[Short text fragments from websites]
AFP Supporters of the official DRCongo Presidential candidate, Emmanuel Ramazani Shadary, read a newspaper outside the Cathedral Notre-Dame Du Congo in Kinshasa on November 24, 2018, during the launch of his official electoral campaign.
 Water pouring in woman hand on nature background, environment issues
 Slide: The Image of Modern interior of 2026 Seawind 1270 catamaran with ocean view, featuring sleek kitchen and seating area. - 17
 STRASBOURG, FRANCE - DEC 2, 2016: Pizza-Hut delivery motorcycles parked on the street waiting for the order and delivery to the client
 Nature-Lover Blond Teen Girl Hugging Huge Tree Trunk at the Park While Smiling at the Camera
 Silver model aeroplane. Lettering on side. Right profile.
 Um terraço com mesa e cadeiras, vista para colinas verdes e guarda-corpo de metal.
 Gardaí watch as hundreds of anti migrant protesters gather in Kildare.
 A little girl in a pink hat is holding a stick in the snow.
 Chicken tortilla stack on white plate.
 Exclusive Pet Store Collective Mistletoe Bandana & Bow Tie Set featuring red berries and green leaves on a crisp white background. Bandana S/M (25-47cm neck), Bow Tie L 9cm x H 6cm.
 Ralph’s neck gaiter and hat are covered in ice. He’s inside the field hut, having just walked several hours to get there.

*WORK TO COMPLETE*: List every line from the entries above in which "white" appears.

*ANSWER SPACE*:
 Chicken tortilla stack on white plate.
 Exclusive Pet Store Collective Mistletoe Bandana & Bow Tie Set featuring red berries and green leaves on a crisp white background. Bandana S/M (25-47cm neck), Bow Tie L 9cm x H 6cm.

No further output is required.